Footers are rarely seen in today’s websites. They not getting the love they used to because readers are not scrolling to the bottom of pages anymore. To find out why, I did what any web designer would do – ask random people on the streets.
“I don’t scroll all the way down,” said a random guy I met on the street, “because all that’s down there are hit counters and Flash animation. Besides,” Random Guy continued, “why scroll all the way down there when I can look at all of the shaking ads in the sidebars? I was the 100,000th visitor to every website I visited last week. That makes me kind of a big deal. They should be paying me…”
Unfortunately our conversation was cut short, but Random Guy does make a good point.
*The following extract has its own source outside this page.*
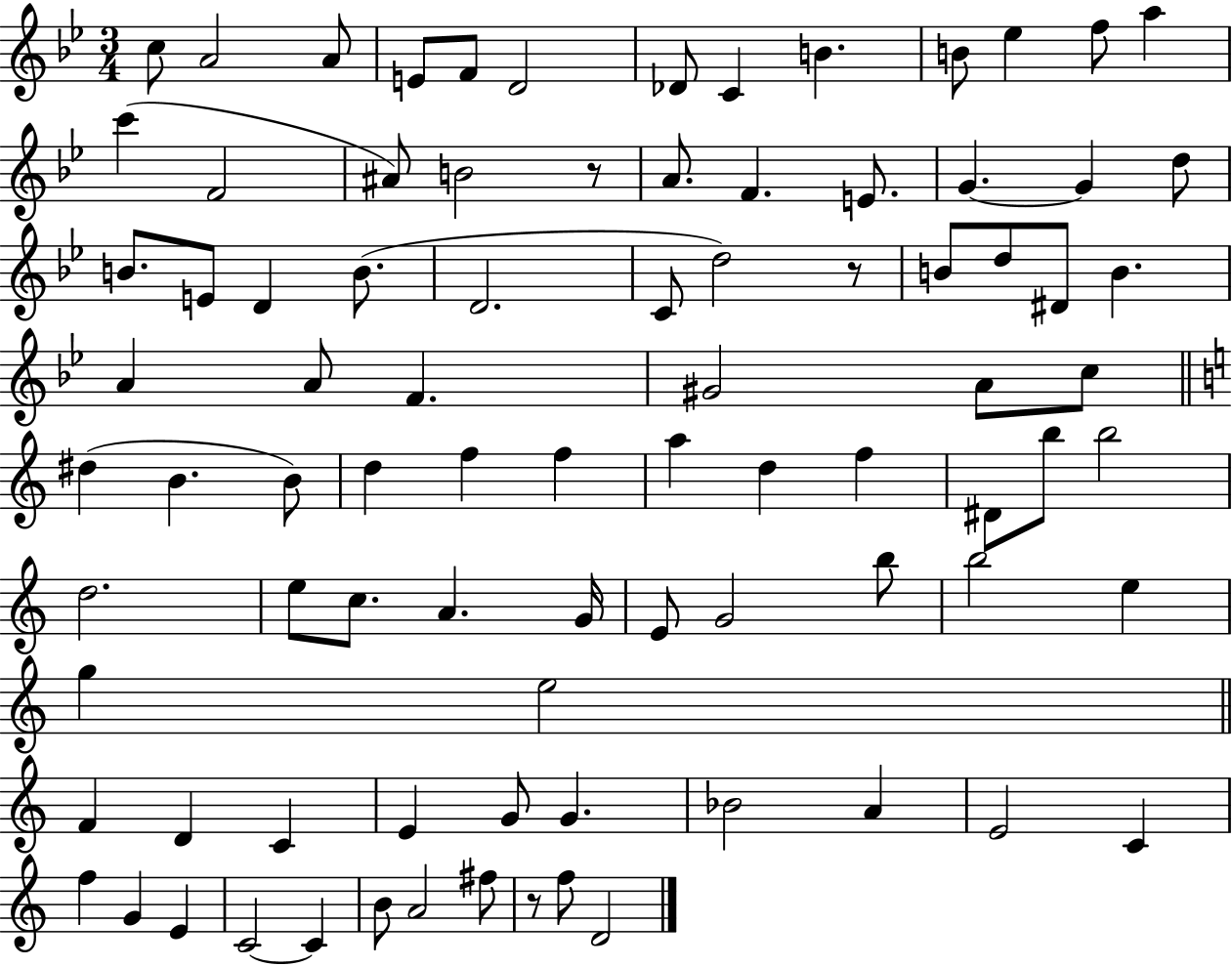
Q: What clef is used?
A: treble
However, it’s not the 1970’s anymore and anyone who’s scrolled all the way to the bottom of a website in the past few months has noticed there are some really good designs in those footers. Designers want their readers to see those footers. Afterall, all web design is art, they put a lot of time into them, and the art must be viewed.
To help with this, Google has developed the upside-down website. “It just makes sense” said the Google rep, “since the goal is to get your readers to the bottom of the page… to just go ahead and start there. Plus, we have to do something new or the web is going to explode due to the 2018 web bug (which we don’t want to talk about).”
The Google rep wanted me to strike that last comment but I used parenthesis instead. I hope he appreciates it.
Google’s Upside-down Web Design Standards
Here’s a look at a blog design using Google’s Upside-down Web Design Standards.
As you can see… it’s… well… upside-down. The text and images are in the proper direction, but the footer is on top, followed by the oldest to newest post, and then the header and primary menu.
Well it looks like we’re in for some interesting designs when the Upside-down Tool Kit is released later in the year. Until then, happy designing, and have a great April Fools Day!